1. If not the majority, a big fraction of the population consists of what Stalin called “useful idiots”. It’s a very accurate term. These are people who have no strong core beliefs who waft with the winds of emotions and thus are easily manipulated especially through guilt, and thus very useful to any good demagogue. The activists understands this very well and are very good at playing to their emotions (save mother earth, guilt for past sins, sympathy for druggies (aka, “homeless”), “social justice”, CRT, defund the evil police, and on and on). And so by getting most of the useful idiots to see things their way, plus their fellow true believers (”progressives”) who are naturally inclined to radical transformation (these are the people incapable of connecting dots, who’ve learned nothing from history), the activists are able to cobble together a majority which will elects representatives that will implement their agenda.
2. The second way is when activists don’t go through the trouble of cobbling up a majority, instead they go directly after the elected representative, institutions, and corporations. They will use intimidation, shaming, terrorism, infiltration, threats... to influence these representatives and institutions. Many cave to their demands. But what has been their most successful strategy is taking over institutions, organizations and corporations through stealthy infiltration and eventual take over. What Gramsci called “the long march through the institutions”. Can you think of any institutions, organizations, corporations that they don’t control? Hell even the Salvation Army has succumbed!
So bottom line, activists run the world. A version of the “squeaky wheel”. And the left is infinitely better at this than our side.

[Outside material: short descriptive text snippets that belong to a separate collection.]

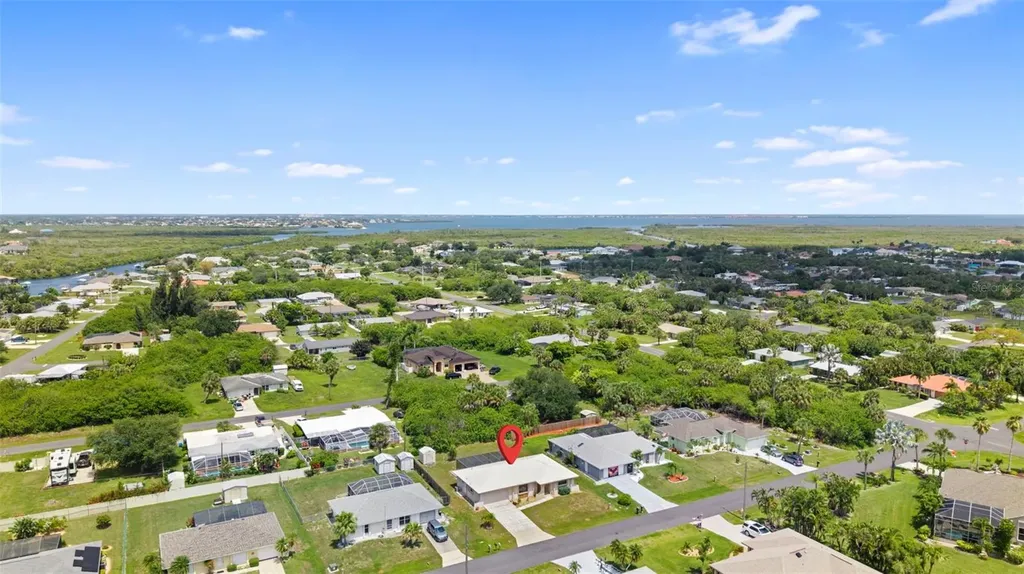 18701 Countryman Avenue Port Charlotte FL 33948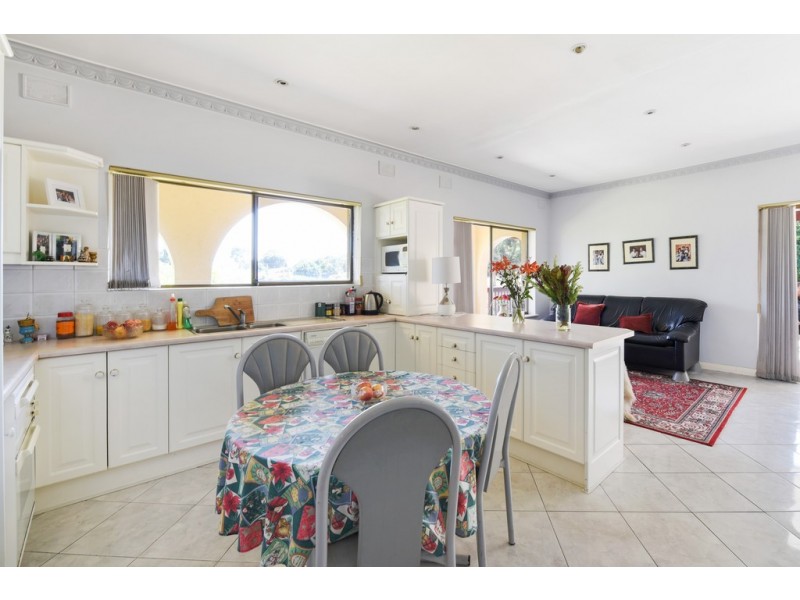 1 Vendale Drive, Flagstaff Hill SA 5159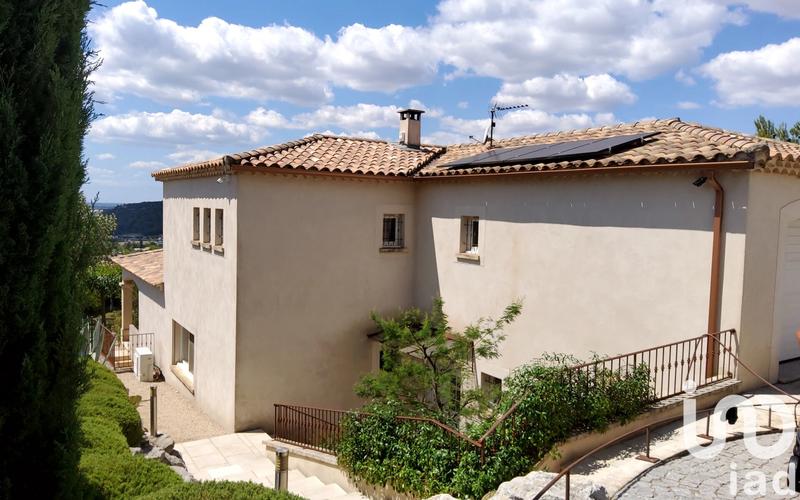 Maison - 236 m² - 7 pièces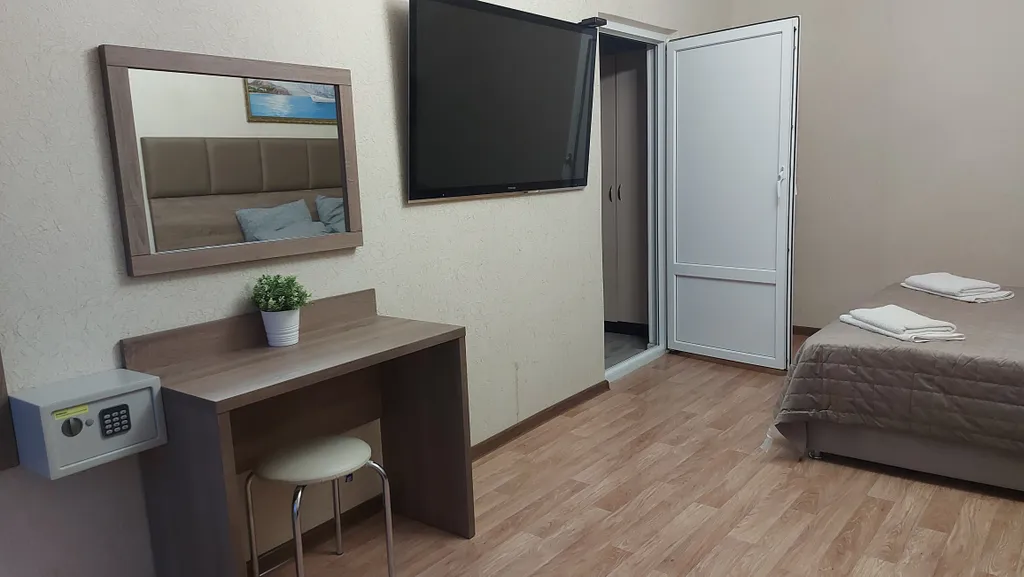 Квартира Квартира Люкс двухкомнатный с кухней — Кучугуры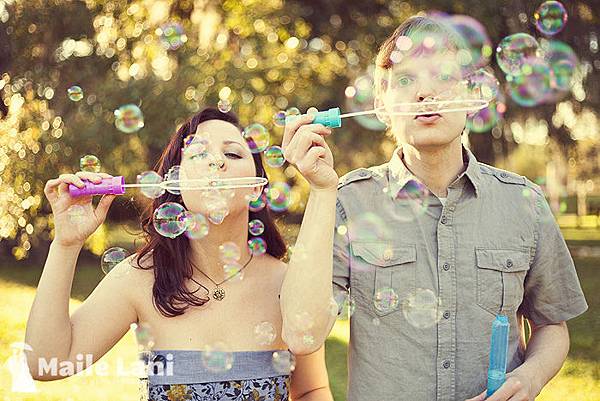 15_engagement_photography_bubbles.jpg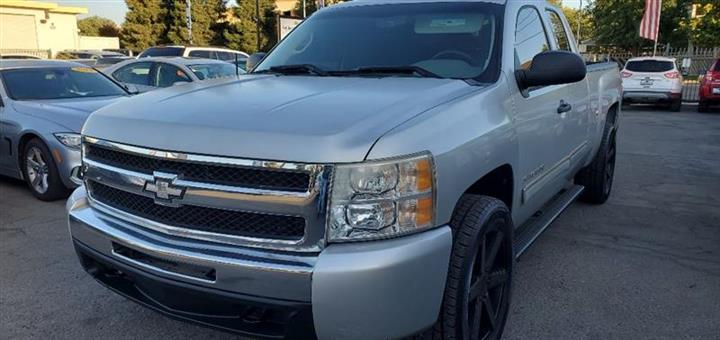 $13495 : 2011 Silverado 1500 image 8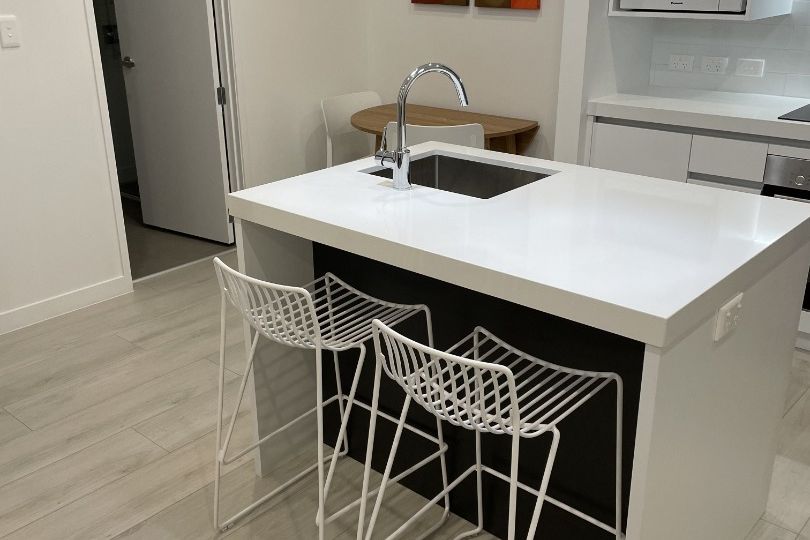 Furnished & Carpark Included – další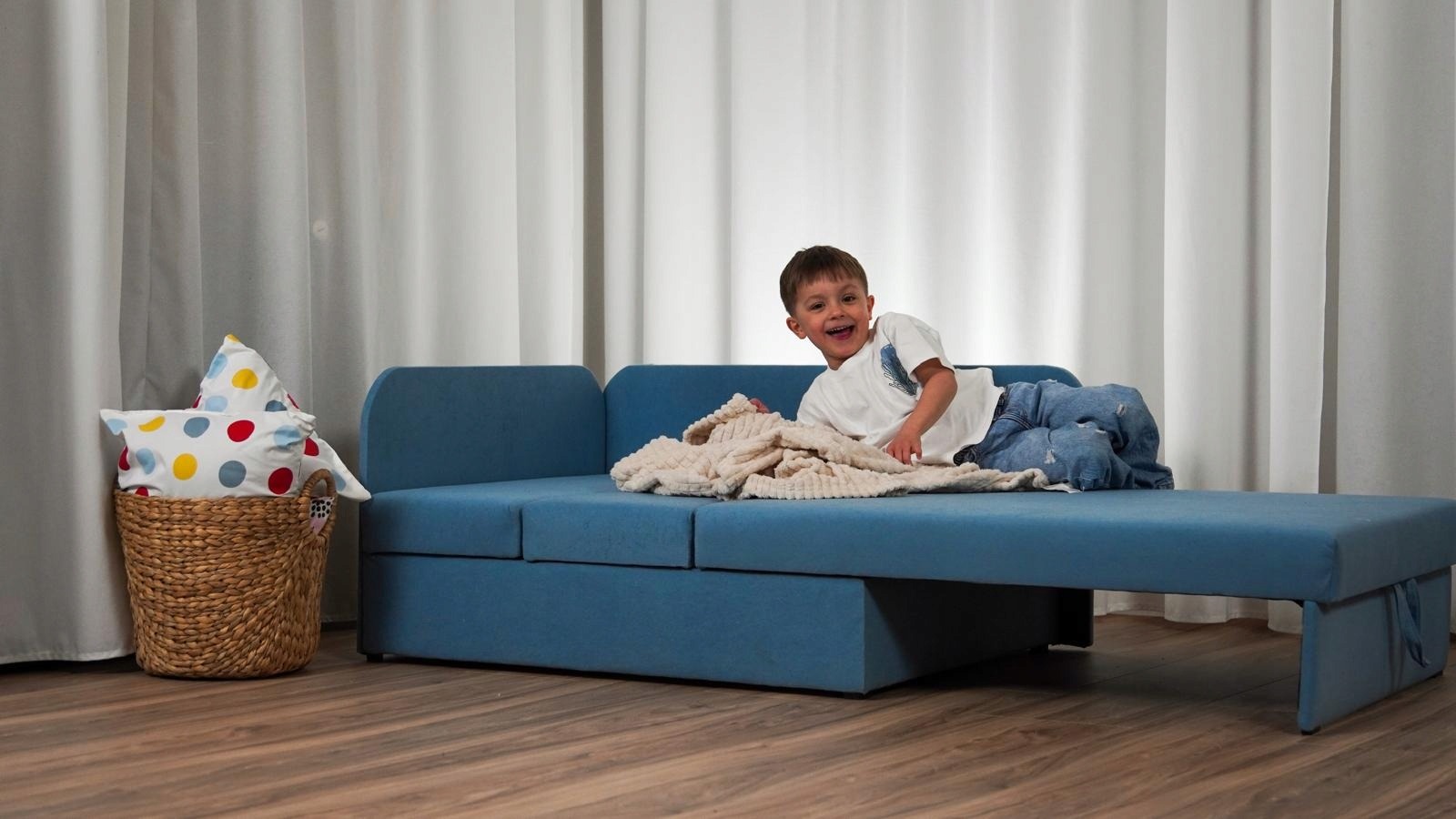 Modrá rozkladacia detská pohovka Kubuś s úložným priestorom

So in a sense, we ARE living in “Plato’s Republic”, but I doubt that Plato would approve of these “experts” we have running our lives. The major flaw in his proposal was the assumption that wise, saintly types would fill those positions. He obviously didn’t understand human nature.
What do you think?
A very well written comment, thank you.
I am afraid you are right, but I still hope there are enough here who have what it takes to stop the noisy leftists from destroying civilization.
It really comes down to a battle of determined activists of both sides. They are way ahead of us in this. It’s in their DNA.
When we conservative have a problem, we look at ways to individually solve it. When a leftist has a problem his first knee jerk reaction is to look for faults in the system and blame it for his troubles, which motivates him to start a crusade to change the “unfair ad unjust” system.
I firmly believe that genetic difference between us and them to be a reality, which impacts how differently we see the world and how to solve its problems.
I have no idea how to fix this other than to fight and beat them at every turn.